Pour faire simple (et parce qu'à part Jimmy je me doute que tout le monde s'en carre les patates, mais t'inquiète je t'enverrais un petit dossier précis rien que pour toi) le principal partenaire du pays c'est l'Europe et oserais-je poser un nom sur le mystérieux mécène?! Notez que l'Europe est non seulement premier acheteur mais aussi premier vendeur. Derrière ça se bouscule, et même si l'Asie rue dans les branquards la sous-région reste le deuxième partenaire à l'import-export du pays. Pourquoi s'intéresser tellement au commerce extérieur des burkinabés? Mais parce que c'est sur les taxes douanières que vit l'Etat et que c'est sur les investissements publiques que vit l'économie. En clair et rapide, la France n'est pas un partenaire, elle fait vivre 14 millions d'individus. Vivre est un grand mot pour un fort pourcentage de la population comme vous aurez à loisir l'occasion d'en prendre conscience.
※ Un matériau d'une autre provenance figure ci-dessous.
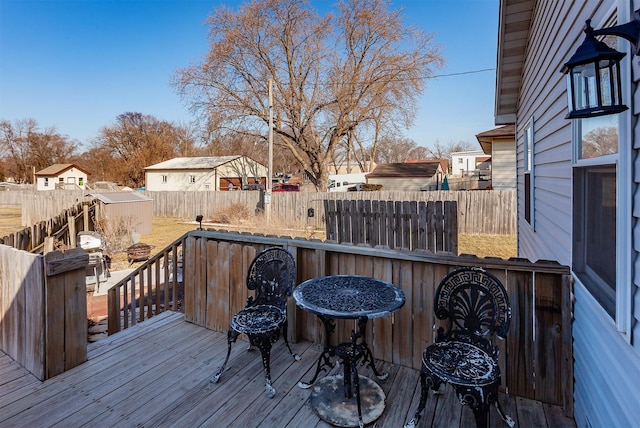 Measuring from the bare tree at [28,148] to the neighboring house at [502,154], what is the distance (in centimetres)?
4776

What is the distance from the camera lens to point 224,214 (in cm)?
1521

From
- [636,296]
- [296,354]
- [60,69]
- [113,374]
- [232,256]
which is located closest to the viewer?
[636,296]

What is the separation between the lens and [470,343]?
2100 millimetres

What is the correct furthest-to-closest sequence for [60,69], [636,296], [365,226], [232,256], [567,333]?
[60,69] < [365,226] < [232,256] < [567,333] < [636,296]

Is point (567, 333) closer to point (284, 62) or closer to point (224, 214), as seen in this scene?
point (224, 214)

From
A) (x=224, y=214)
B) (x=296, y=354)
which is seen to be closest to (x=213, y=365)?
(x=296, y=354)

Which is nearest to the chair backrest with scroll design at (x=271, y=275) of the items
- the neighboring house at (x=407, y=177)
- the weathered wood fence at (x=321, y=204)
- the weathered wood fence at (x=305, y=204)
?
the weathered wood fence at (x=305, y=204)

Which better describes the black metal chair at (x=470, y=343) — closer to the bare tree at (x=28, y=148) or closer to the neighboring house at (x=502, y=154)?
the neighboring house at (x=502, y=154)

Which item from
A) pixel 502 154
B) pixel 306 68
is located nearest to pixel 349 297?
pixel 502 154

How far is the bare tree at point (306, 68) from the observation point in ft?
61.1

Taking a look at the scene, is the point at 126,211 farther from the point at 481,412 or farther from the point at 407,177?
the point at 407,177

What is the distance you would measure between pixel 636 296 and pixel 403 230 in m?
3.26

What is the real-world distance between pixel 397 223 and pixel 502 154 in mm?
11880

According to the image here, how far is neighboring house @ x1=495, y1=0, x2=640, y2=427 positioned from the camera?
1295 mm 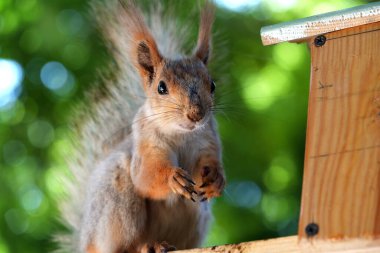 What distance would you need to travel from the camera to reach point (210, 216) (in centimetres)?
312

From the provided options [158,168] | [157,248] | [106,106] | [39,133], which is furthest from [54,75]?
[157,248]

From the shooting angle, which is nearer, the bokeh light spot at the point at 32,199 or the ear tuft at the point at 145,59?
the ear tuft at the point at 145,59

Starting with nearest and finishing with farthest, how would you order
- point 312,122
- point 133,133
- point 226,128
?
point 312,122
point 133,133
point 226,128

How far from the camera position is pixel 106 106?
3.47 metres

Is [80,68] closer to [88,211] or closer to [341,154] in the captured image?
[88,211]

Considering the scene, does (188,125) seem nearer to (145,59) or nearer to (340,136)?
(145,59)

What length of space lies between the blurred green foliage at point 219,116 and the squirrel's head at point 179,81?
2.28 ft

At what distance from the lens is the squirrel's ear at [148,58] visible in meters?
2.83

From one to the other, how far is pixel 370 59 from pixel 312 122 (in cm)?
23

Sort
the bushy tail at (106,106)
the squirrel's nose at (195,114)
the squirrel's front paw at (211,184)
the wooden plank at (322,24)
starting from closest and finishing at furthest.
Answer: the wooden plank at (322,24) < the squirrel's nose at (195,114) < the squirrel's front paw at (211,184) < the bushy tail at (106,106)

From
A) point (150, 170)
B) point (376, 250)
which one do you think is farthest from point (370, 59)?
point (150, 170)

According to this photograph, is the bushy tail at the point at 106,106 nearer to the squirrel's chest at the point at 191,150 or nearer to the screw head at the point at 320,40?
the squirrel's chest at the point at 191,150

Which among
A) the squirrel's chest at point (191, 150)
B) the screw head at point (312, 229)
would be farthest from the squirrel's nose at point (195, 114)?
the screw head at point (312, 229)

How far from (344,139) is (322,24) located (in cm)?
35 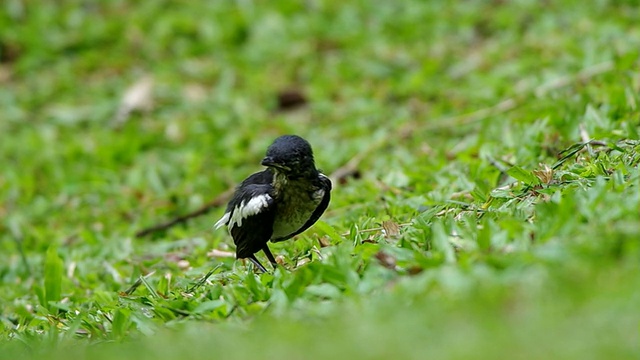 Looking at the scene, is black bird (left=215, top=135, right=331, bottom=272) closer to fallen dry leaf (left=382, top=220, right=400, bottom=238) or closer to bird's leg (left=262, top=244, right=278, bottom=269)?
bird's leg (left=262, top=244, right=278, bottom=269)

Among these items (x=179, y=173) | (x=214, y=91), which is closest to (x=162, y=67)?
(x=214, y=91)

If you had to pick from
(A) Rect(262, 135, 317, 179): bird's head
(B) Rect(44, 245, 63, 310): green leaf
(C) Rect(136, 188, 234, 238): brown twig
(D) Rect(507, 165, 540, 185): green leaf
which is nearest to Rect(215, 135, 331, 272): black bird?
(A) Rect(262, 135, 317, 179): bird's head

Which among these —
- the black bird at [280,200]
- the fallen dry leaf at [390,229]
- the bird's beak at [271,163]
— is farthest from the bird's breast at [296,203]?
the fallen dry leaf at [390,229]

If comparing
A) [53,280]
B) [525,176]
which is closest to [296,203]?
[525,176]

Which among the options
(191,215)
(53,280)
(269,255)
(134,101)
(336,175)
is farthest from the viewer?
(134,101)

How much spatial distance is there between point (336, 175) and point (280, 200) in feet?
9.80

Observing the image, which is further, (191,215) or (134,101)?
(134,101)

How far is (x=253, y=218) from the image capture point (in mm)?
5250

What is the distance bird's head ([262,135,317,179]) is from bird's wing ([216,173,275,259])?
179mm

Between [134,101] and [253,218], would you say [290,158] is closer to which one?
[253,218]

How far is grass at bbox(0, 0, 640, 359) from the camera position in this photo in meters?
3.55

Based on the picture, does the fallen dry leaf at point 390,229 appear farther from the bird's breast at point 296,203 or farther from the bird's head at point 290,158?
the bird's head at point 290,158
Sinon pour l'agriculture, il faut différencier deux choses. D'une part la culture de rente qui est exportée et quasiment pas consommée sur place. Son prix dépend des marchés internationaux, on dit qu'il est exogène au pays. Le hic dans l'affaire c'est que le pays vend son coton (la rente burkinabé) moins cher qu'elle ne le rachète transformé en Europe et de plus en plus en Asie.
D'autre part la culture vivrière qui nourris la population. Son prix dépend cette fois de l'offre et le damande sur le marché burkinabé.Le hic ici c'est d'abord la dépendance climatique et acridienne (les criquets ont ravagés les cultures l'années dernières et les larves menancent cette année) et ensuite une règle simple en économie. Quand le marché est saturé les prix chutent. Pourquoi? parce que ce qui est rare est cher, sans quoi la concurrence fait chuter les prix. On devine à quel point elle peut être acharnée dans les conditions de misère de la population. LE paradoxe c'est donc qu'en année de bonne récolte (oh! miracle) les prix chutent et les paysans en souffrent.

Autre choses encore, d'après le classement officiel 2002 de l'Indice de Développement Humain (IDH) le Burkina est le troisième pays le plus pauvre au monde (en terme de condition de vie) avant le Niger et la Sierra-Leone.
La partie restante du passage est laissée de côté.